#### Task prompt:
Go through the lines below and repeat each one exactly, skipping pictures.

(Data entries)
****
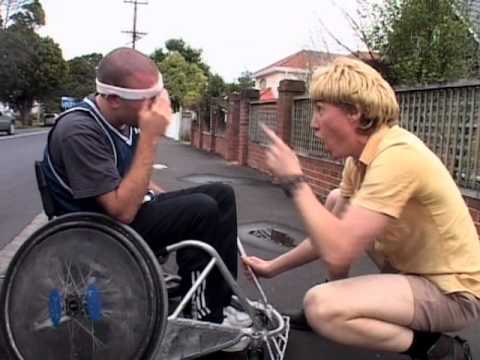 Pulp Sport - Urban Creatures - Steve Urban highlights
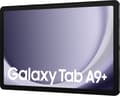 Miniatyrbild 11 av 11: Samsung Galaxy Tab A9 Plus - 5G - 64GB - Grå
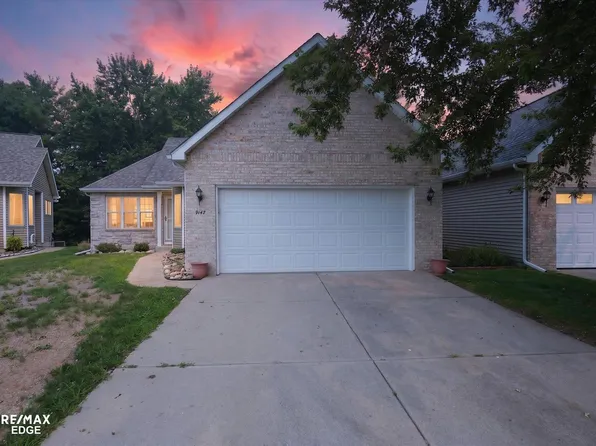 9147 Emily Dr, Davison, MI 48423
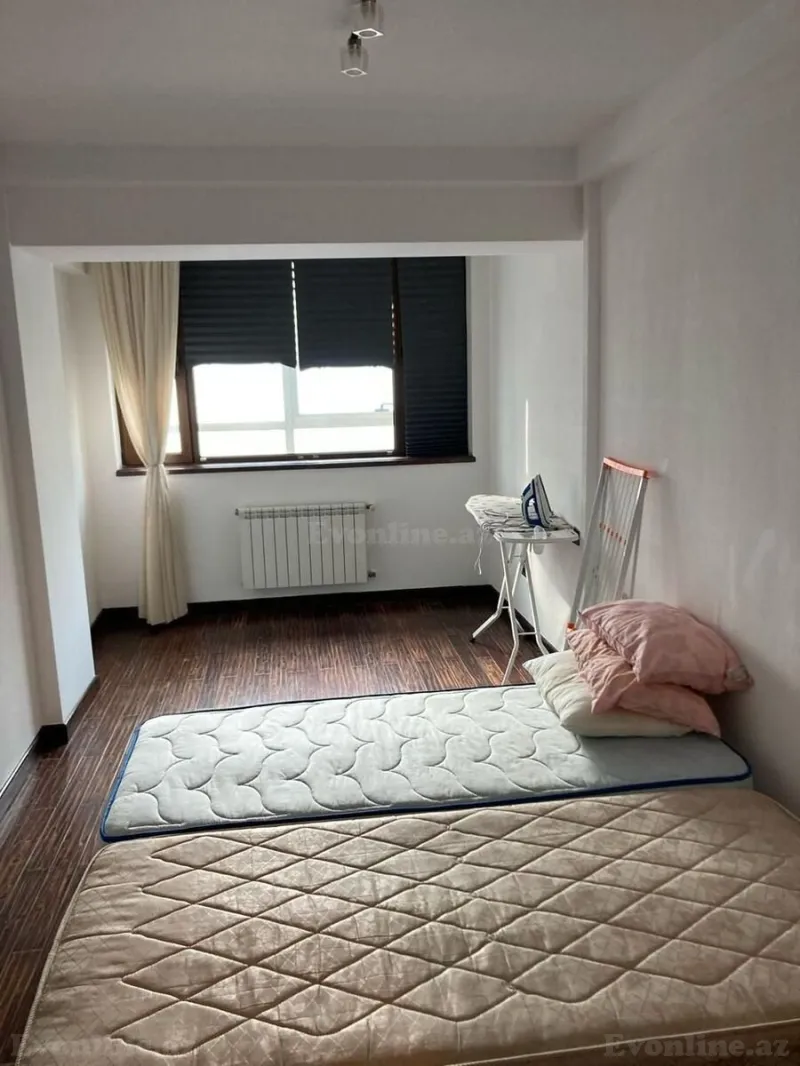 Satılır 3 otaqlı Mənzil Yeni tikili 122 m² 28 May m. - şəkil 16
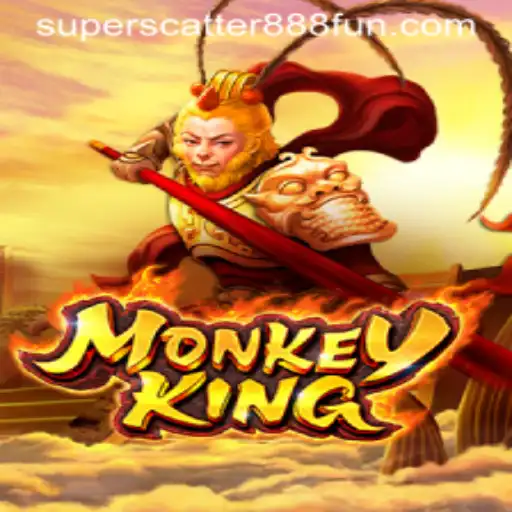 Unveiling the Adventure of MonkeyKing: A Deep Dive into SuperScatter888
****
#### Answer:
 Pulp Sport - Urban Creatures - Steve Urban highlights
 Miniatyrbild 11 av 11: Samsung Galaxy Tab A9 Plus - 5G - 64GB - Grå
 9147 Emily Dr, Davison, MI 48423
 Satılır 3 otaqlı Mənzil Yeni tikili 122 m² 28 May m. - şəkil 16
 Unveiling the Adventure of MonkeyKing: A Deep Dive into SuperScatter888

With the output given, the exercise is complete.